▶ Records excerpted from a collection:
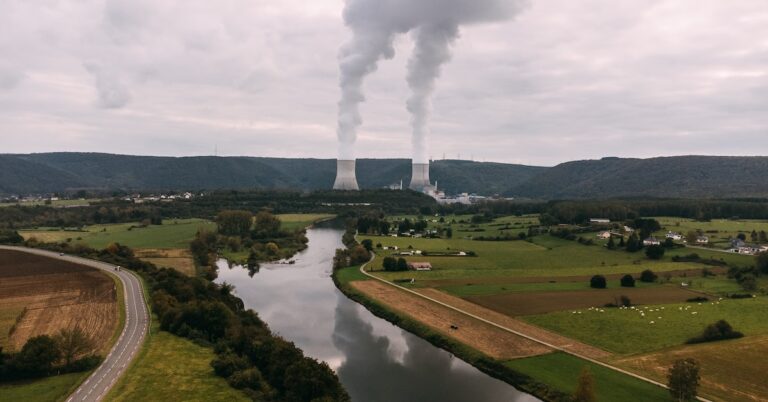 nuclear option: Idiom Meaning and Origin
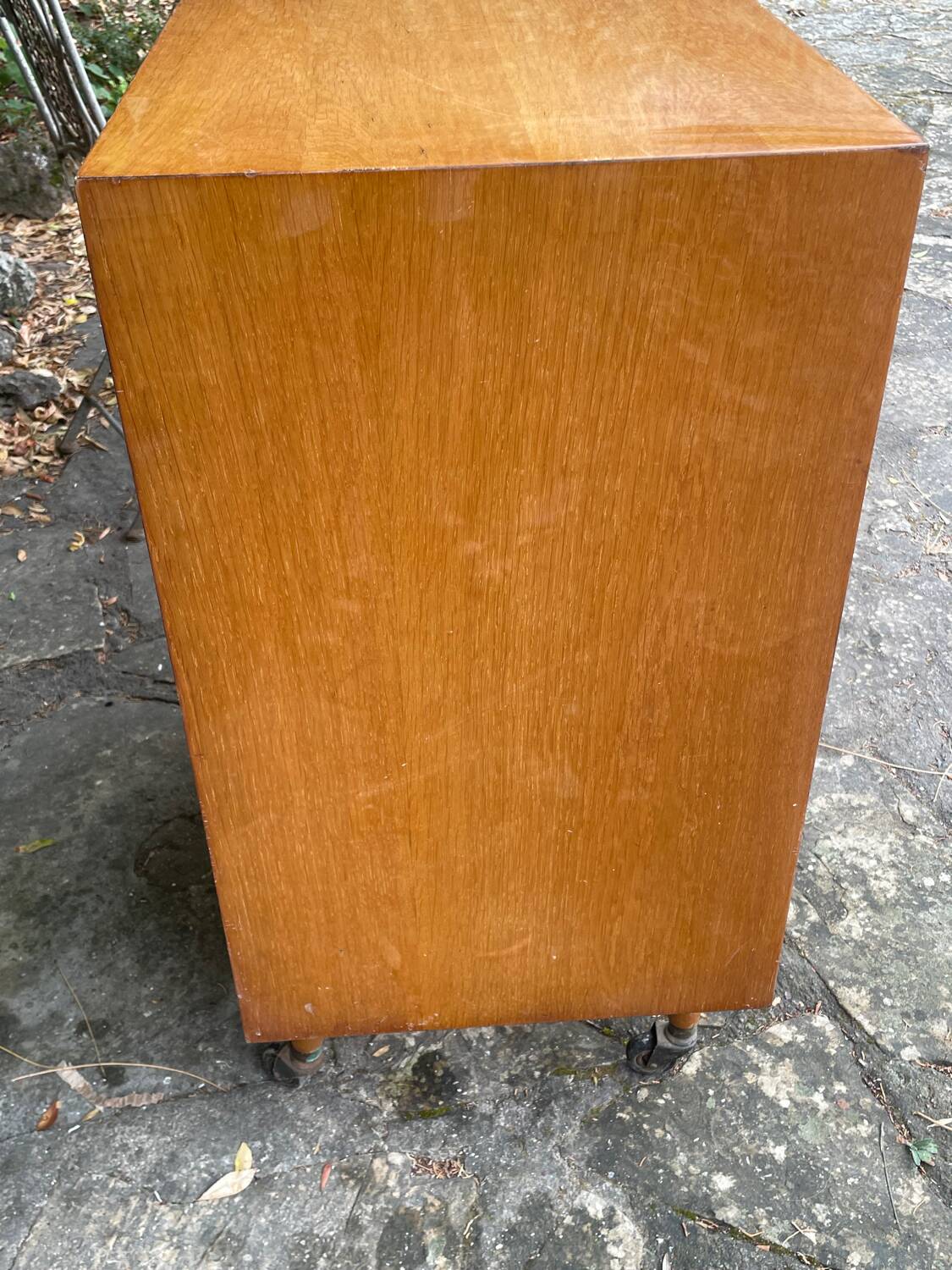 Side table on wheels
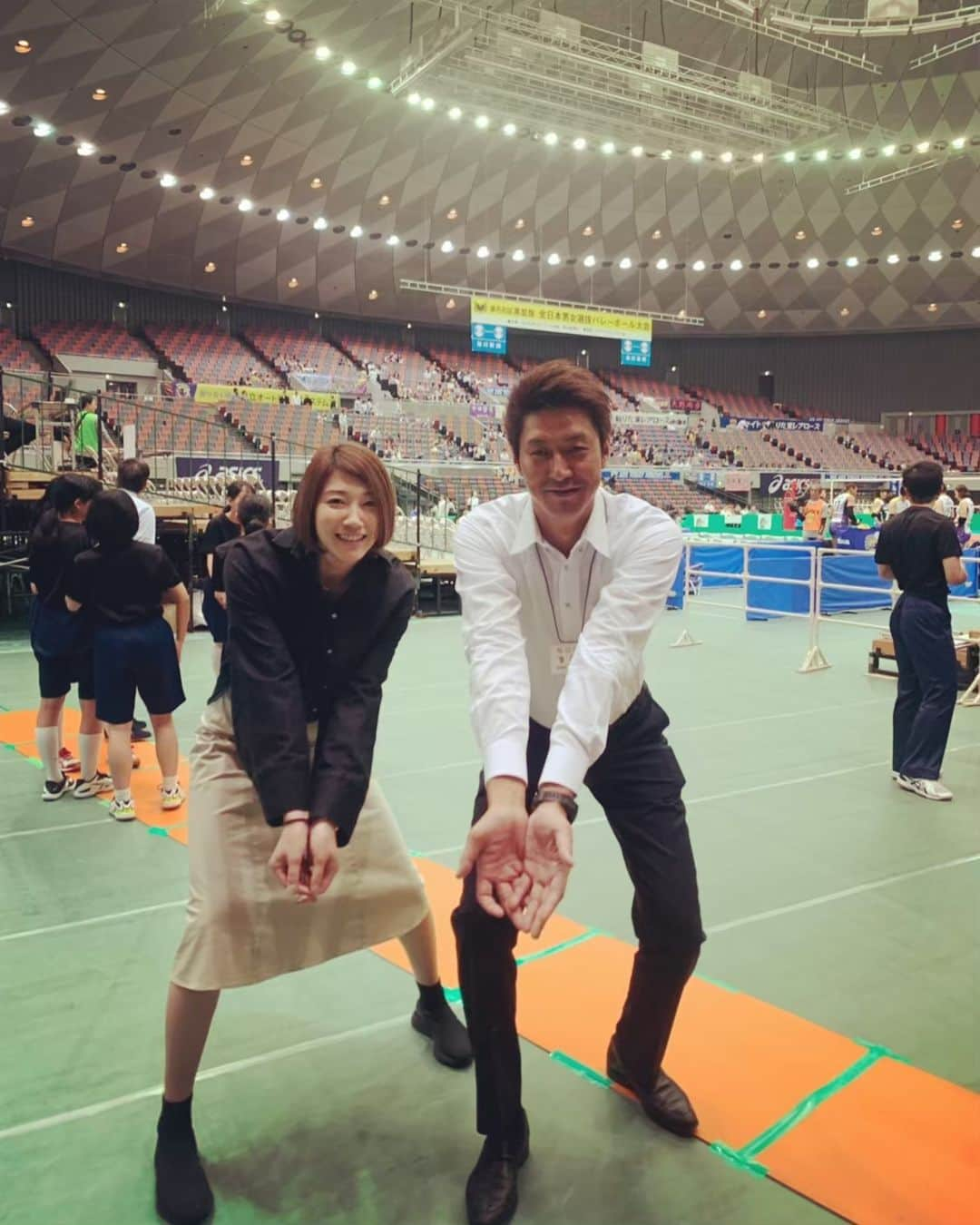 山本隆弘さんのインスタグラム写真 - (山本隆弘Instagram)「最強レシーバー🏐 どんなボールも拾っちゃうよ😁 #狩野舞子  #バレーボール」5月6日 10時38分 - yamamototakahiro5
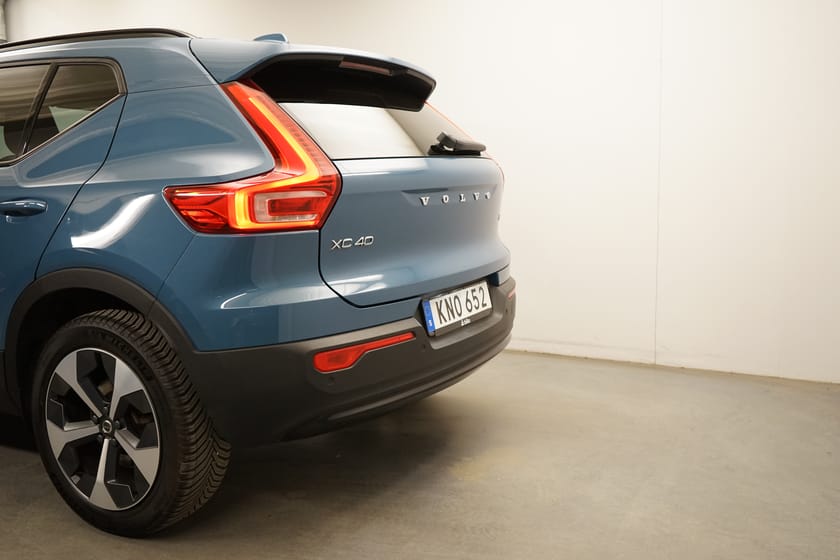 Bild 3 av Volvo XC40 B3 FWD Bensin Ultimate Dark, HarmanKardon PremiumSound, Taklucka, Navigation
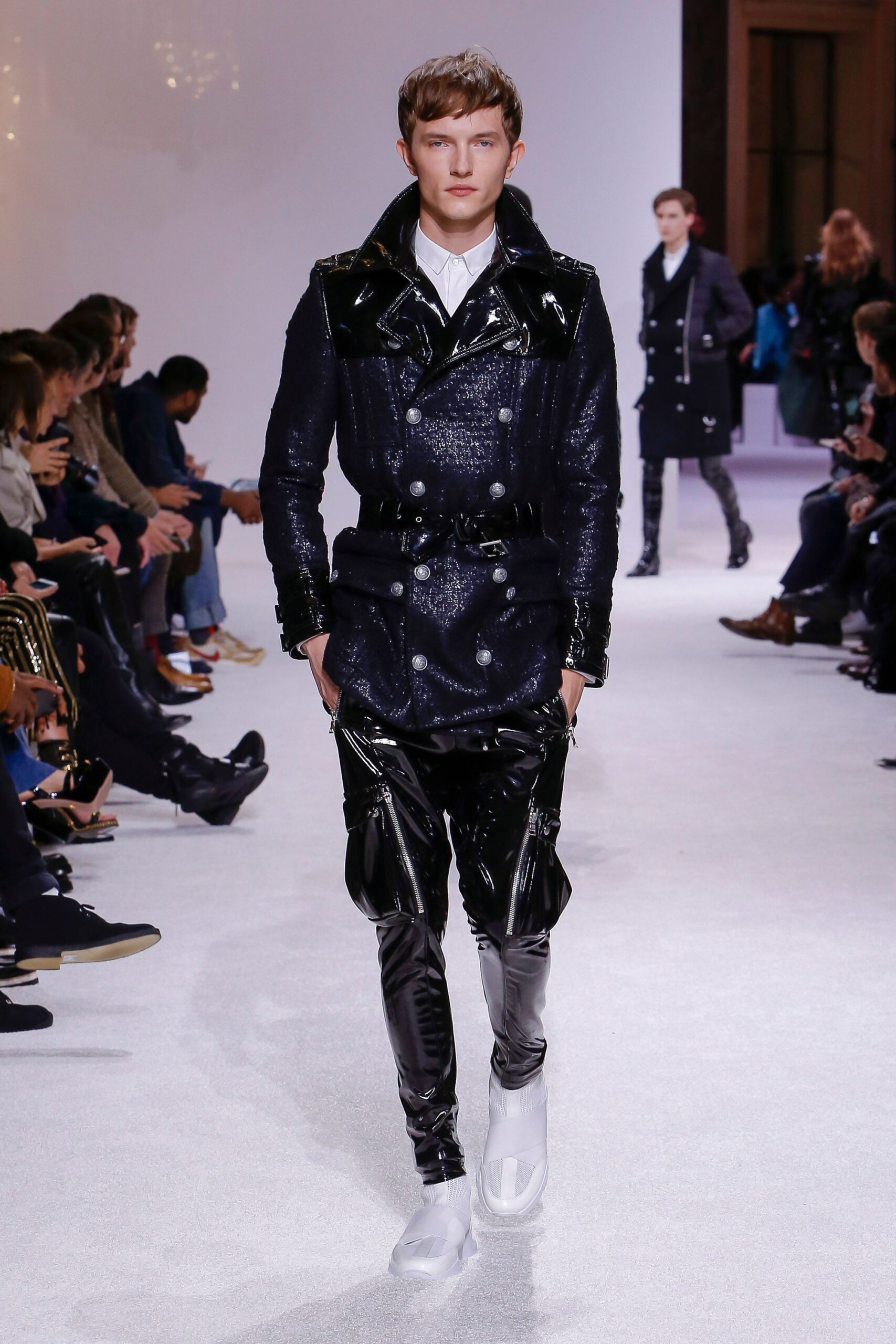 Balmain F/W 18 Menswear Look 751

▶ Assignment:
Copy out, with no pictures, the lines from the one containing "Side table on wheels" through the last line of the data above, both ends included and each word unchanged.

▶ Reply:
 Side table on wheels
 山本隆弘さんのインスタグラム写真 - (山本隆弘Instagram)「最強レシーバー🏐 どんなボールも拾っちゃうよ😁 #狩野舞子  #バレーボール」5月6日 10時38分 - yamamototakahiro5
 Bild 3 av Volvo XC40 B3 FWD Bensin Ultimate Dark, HarmanKardon PremiumSound, Taklucka, Navigation
 Balmain F/W 18 Menswear Look 751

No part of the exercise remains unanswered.